DESCRIPTION OF THE TASK:
Below are the records; give again exactly the lines from the one containing "Paris Bonjour Reversible" through the one containing "Lewes Fabric Upholstered", leaving out pictures.

RECORDS SHOWN:
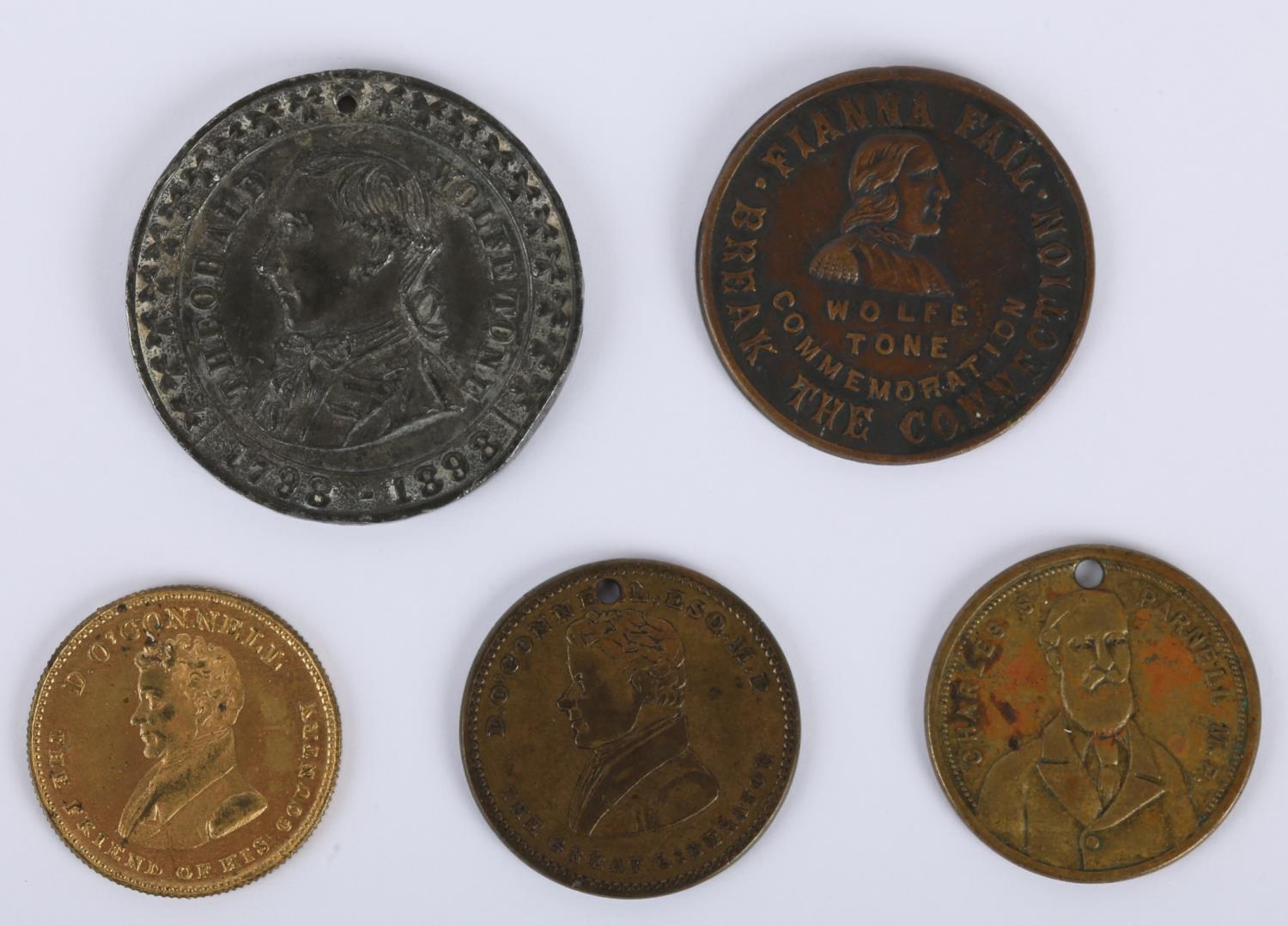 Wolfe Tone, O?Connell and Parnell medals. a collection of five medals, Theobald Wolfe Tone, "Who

==

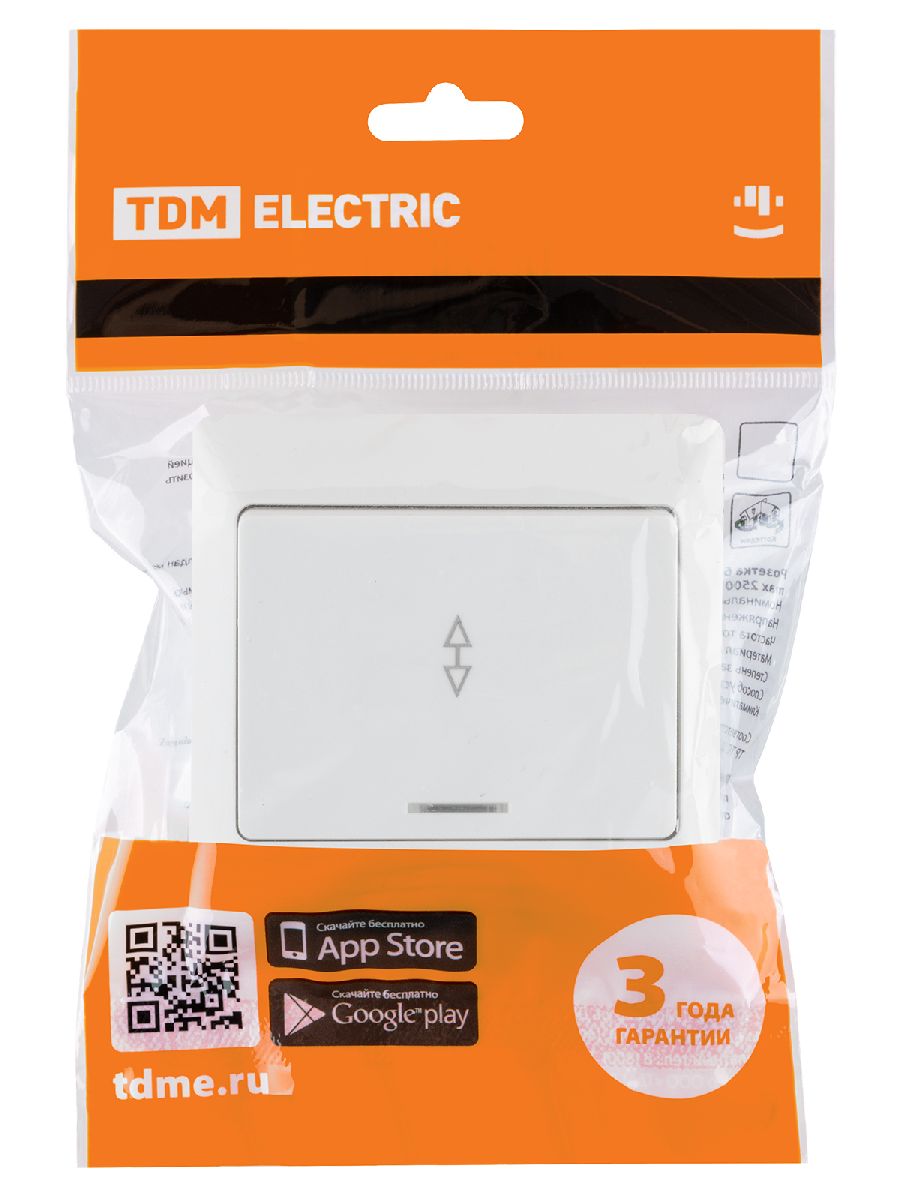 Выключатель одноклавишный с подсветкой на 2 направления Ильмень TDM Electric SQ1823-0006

--

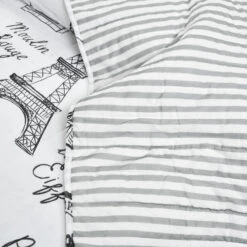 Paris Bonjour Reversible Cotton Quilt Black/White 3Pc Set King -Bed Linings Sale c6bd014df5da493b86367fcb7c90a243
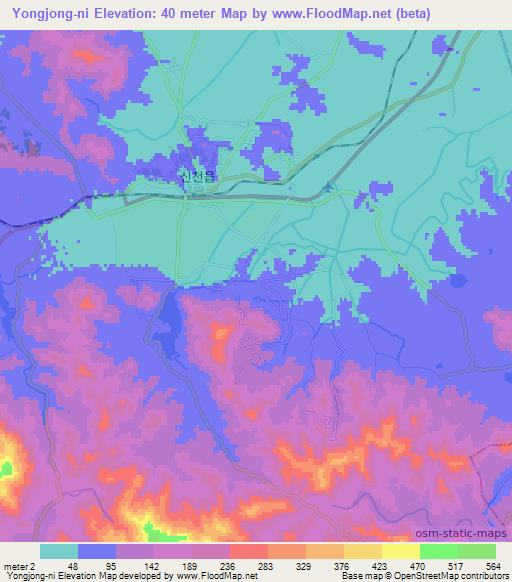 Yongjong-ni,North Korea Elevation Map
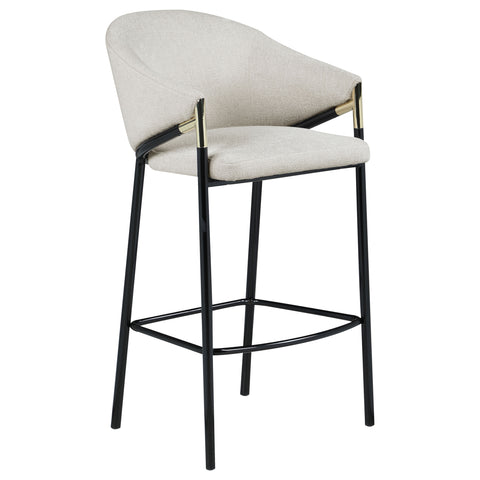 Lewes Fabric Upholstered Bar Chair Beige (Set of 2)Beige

EXERCISE ANSWER:
 Paris Bonjour Reversible Cotton Quilt Black/White 3Pc Set King -Bed Linings Sale c6bd014df5da493b86367fcb7c90a243
 Yongjong-ni,North Korea Elevation Map
 Lewes Fabric Upholstered Bar Chair Beige (Set of 2)Beige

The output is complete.